Relationship Partner with BPD (Straight and LGBT+) => Romantic Relationship | Bettering a Relationship or Reversing a Breakup => Topic started by: BCardona81 on April 10, 2016, 12:08:24 AM



Title: Introduction
Post by: BCardona81 on April 10, 2016, 12:08:24 AM
I have been married to my spouse for 7 years and have within the past year finally realized he indeed has BPD. Since realizing this I've seen this whole relationship differently. I feel as if this is what it will be like for as long as I remain married to him and if I try to divorce he'll make my life a living hell. W ehave two children one whom he favors the other who he subtly exiles due to his strong natured personality. Both children have witnessed their father's outbursts and I am always left with the job of explaing to them that daddy is sick and trying my best to somehow repair in whatever way possible the damaging affects of witnessing such ugliness. What makes my situation even more difficult is my mother in law also has BPD and nd and my sister also has BPD. It sometimes seems as if I either have to build a fort to protect myself or when I dont they all take turns acting out.

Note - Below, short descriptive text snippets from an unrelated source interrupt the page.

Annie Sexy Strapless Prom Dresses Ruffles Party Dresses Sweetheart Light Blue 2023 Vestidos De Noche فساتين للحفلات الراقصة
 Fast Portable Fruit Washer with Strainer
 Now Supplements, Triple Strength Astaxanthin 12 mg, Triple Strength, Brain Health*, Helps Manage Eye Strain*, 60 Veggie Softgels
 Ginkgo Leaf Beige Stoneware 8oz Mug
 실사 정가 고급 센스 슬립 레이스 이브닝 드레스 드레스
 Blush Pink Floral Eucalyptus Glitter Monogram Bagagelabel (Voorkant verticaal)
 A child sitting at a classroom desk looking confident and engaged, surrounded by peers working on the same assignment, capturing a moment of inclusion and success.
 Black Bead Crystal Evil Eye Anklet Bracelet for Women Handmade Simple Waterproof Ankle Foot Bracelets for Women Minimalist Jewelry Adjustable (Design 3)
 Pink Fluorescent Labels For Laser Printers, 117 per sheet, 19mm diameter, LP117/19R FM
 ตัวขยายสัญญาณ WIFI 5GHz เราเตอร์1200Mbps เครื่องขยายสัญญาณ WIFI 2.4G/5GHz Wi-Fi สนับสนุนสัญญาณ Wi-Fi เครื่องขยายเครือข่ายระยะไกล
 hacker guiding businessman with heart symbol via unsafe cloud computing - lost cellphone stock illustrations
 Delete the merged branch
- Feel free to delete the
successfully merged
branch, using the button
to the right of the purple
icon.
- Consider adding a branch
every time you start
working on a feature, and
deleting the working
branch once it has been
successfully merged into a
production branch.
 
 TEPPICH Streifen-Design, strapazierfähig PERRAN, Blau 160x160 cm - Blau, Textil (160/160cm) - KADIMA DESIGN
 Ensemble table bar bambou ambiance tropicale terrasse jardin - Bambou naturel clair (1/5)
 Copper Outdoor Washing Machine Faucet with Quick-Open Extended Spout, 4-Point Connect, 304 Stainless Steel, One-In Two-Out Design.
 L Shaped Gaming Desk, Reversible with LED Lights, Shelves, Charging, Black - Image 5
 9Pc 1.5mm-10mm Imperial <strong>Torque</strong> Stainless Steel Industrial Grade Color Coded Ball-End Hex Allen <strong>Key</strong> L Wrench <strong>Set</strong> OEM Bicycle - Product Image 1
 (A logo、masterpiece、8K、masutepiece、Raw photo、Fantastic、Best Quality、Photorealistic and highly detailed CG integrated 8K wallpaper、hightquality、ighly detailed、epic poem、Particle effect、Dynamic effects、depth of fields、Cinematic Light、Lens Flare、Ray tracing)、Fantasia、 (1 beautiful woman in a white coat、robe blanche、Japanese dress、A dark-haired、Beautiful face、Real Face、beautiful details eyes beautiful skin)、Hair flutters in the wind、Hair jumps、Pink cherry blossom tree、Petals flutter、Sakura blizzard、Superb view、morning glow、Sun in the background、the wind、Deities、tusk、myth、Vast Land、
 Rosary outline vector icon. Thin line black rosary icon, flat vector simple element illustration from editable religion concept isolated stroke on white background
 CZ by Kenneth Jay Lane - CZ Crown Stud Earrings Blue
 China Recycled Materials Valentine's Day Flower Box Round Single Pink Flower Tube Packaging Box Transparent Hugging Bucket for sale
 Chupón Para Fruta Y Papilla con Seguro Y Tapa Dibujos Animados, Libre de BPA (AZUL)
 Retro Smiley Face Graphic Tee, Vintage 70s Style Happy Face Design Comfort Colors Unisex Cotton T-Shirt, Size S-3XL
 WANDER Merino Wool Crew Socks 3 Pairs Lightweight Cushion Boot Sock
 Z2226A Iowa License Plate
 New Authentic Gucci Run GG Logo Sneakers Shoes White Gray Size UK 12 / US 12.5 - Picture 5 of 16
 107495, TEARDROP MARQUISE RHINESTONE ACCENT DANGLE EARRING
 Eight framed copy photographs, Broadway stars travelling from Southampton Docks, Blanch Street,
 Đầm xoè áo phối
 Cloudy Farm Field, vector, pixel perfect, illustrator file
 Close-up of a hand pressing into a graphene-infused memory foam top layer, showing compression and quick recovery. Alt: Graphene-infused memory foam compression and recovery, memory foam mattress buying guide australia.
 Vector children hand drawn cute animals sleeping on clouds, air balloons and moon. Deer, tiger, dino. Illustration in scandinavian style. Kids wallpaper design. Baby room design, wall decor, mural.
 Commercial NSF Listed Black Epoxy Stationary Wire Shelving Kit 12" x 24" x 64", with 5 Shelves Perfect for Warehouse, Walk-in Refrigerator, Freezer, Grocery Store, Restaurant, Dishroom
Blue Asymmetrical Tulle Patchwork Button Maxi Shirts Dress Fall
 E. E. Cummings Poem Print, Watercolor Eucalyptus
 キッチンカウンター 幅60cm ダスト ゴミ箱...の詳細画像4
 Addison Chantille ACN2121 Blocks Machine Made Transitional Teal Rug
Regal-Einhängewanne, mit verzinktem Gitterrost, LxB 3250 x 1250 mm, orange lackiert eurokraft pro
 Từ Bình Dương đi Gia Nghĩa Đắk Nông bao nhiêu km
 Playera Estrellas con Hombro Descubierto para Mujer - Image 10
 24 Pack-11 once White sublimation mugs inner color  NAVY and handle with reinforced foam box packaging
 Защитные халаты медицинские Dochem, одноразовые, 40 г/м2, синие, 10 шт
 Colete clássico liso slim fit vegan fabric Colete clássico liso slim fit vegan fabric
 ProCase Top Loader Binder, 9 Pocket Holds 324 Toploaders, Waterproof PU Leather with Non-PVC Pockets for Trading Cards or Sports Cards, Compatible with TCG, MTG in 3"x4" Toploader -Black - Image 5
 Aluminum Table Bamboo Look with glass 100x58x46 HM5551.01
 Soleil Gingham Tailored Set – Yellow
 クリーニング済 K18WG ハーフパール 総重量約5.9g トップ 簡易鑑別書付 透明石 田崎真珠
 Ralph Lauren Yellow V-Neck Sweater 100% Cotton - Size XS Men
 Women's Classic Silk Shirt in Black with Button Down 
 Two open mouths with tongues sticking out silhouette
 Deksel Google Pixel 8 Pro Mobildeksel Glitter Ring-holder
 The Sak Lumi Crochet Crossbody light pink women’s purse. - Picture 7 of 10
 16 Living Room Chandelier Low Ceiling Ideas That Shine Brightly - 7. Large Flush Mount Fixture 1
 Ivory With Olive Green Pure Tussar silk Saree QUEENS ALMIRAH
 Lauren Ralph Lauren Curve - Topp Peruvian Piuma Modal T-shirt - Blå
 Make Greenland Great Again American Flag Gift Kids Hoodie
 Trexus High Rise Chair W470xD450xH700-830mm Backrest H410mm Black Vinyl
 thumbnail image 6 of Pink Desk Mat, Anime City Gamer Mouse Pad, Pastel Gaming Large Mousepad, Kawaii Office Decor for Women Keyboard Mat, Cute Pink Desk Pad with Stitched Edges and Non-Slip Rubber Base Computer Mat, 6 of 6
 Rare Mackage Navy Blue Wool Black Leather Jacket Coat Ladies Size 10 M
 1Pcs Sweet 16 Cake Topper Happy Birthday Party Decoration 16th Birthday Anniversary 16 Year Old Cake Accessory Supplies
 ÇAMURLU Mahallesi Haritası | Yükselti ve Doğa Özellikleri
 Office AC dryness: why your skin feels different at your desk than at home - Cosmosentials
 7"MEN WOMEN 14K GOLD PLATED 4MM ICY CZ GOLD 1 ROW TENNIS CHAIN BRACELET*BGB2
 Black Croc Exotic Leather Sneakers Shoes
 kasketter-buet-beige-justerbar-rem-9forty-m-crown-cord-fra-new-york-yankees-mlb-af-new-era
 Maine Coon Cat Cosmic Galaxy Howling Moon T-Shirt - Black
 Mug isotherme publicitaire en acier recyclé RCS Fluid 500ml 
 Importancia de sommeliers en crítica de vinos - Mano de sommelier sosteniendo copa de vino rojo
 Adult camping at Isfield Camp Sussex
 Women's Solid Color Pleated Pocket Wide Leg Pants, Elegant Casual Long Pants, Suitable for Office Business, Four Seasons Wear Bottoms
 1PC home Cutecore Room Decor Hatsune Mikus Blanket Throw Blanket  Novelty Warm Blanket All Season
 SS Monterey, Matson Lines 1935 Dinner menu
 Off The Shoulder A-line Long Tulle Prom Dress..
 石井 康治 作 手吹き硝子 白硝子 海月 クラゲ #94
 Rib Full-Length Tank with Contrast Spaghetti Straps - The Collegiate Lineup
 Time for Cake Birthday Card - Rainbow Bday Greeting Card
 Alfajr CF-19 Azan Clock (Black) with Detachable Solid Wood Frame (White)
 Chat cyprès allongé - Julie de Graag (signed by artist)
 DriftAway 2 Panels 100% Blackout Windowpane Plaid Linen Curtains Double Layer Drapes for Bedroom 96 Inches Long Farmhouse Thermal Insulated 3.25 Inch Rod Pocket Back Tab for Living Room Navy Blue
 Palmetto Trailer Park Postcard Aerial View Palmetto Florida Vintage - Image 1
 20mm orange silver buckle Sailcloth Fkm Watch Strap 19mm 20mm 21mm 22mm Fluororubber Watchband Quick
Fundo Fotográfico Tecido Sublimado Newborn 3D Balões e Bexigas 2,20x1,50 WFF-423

I also find it hard to "validate" the people particularly my spouse when he is the single person who has caused me so much pain at times. I have also found that I am running out of empathy and am honestly still in this relationship because I am not in a place to leave him and he genuinely loves his kids and is a pretty good father aside from the favoring which has had me very distraught lately.


Title: Re: Introduction
Post by: Bpdsupporter on April 10, 2016, 12:27:50 AM
Sounds like your going through so much right now. It can be so exhausting dealing with someone with a mental illness. So it's important to get some self care. It's hard to validate or empathize with anyone when you are hurting so bad. It took me a while to get that. I had so much resentment and pain from my pwBPD after he cheated on me and then relapsed into using drugs again... the last thing I wanted to do was empathize and validate him. I was really hurt!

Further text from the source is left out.